Tariffs upon tariffs
The background of this new proclamation started earlier this year, long before Trump first placed tariffs on imports. Two reports explaining the effects of steel and aluminum imports on the U.S. were submitted by Secretary Ross to the President.
According to Reuters, the investigation, dubbed as “Section 232,” started back in April last year, and was kept under wraps at the Commerce department. However, the agency was given a deadline to present its report to the White House come January 2018.
The report then found that due to immense quantities, steel and aluminum imports in the U.S. are under such circumstances that it can easily threaten U.S. National Security. Citing National Security concerns and protectionist policies, March then saw Trump taking action by placing a 10 percent tariff on aluminum imports and 25 percent tariff on steel imports effective March 23.

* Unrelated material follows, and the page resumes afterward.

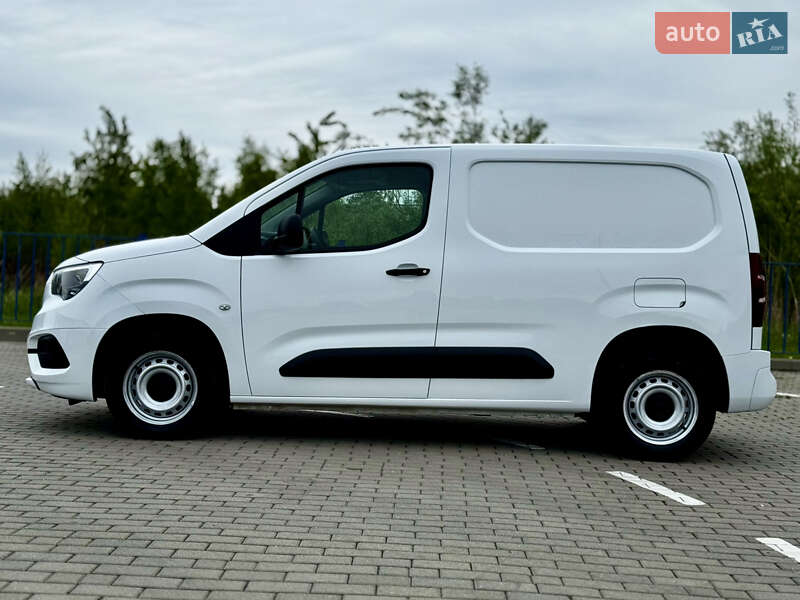 Вантажний фургон Opel Combo Cargo 2020 в Трускавці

Following this, Trump argued that trade trends “destroyed” the steel and aluminum companies in the U.S., saying, “People have no idea how badly our country has been treated by other countries. By people representing us who didn’t have a clue.”
However, not everyone agreed with Trump. Some are surmising that this will only result in the escalation of the U.S.’ trade war with major world economies, such as China, while some say that this is merely the latest in a series of actions targeting the current trade practices of other foreign countries.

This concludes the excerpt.